Mimpi Indonesia di 2045 adalah menjadi negara yang keluar dari jebakan negara berpendapatan menengah. Syaratnya Indonesia harus memiliki pertumbuhan ekonomi rata-rata 9 persen per tahun.
Apa lacur, jalan menuju ke sana sangatlah terjal. Pandemi Covid-19 membuat pertumbuhan ekonomi Indonesia mengalami kontraksi atau minus 2,07 persen pada 2020 lalu.
Ditambah laporan terbaru World Bank Country Classification by Income Level: 2021-2022 yang menyebutkan Indonesia tidak lagi berada di level negara berpendapatan menengah ke atas. Indonesia melorot masuk dalam kategori negara berpenghasilan menengah ke bawah per 1 Juli 2021.
Pendapatan per kapita Indonesia yang semula 4.050 dolar Amerika Serikat menjadi 3.870 dolar Amerika Serikat.

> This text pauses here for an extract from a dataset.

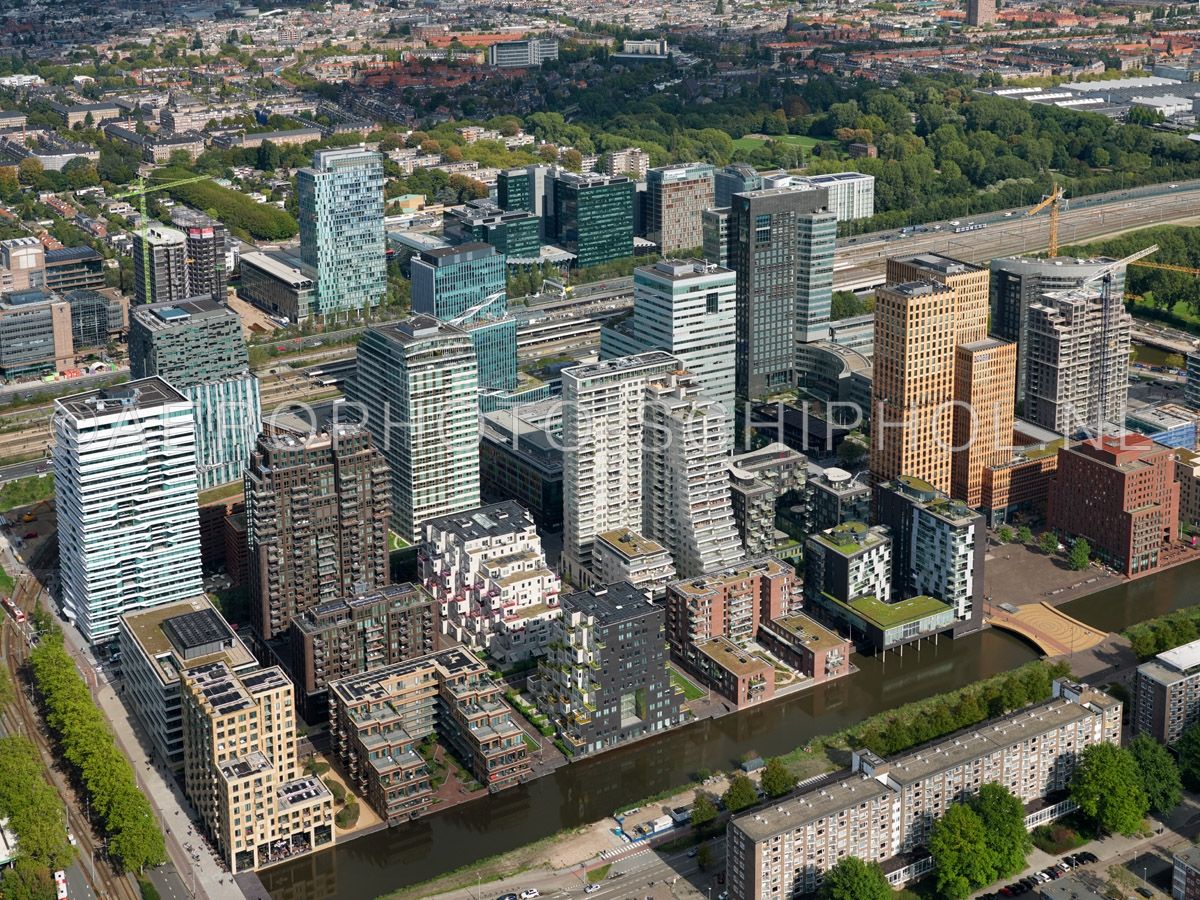 luchtfoto |  Zuidzijde van de Zuidas, Amsterdam,  gezien vanaf de Buitenveldertse Laan en De Boelelaan opn. 25/09/2018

Situasi inilah yang dihadapi Indonesia pada saat memperingati Hari Pajak yang jatuh pada 14 Juli 2021. Seperti “kado” di Hari Pajak yang tahun ini menjadi kali kedua diperingati di saat pandemi.
Bahkan, pada 2021 ini Hari Pajak diperingati dalam kondisi Jawa dan Bali melakukan Pemberlakuan Pembatasan Kegiatan Masyarakat (PPKM) Darurat mulai tanggal 3—20 Juli 2021.
Langkah ini diambil sebagai langkah tegas atas peningkatan kasus Covid-19 di akhir Juni 2021 dan keterisian tempat tidur yang menurut Satgas Penanganan Covid-19 melebihi angka lonjakan kasus libur natal dan tahun baru 2020.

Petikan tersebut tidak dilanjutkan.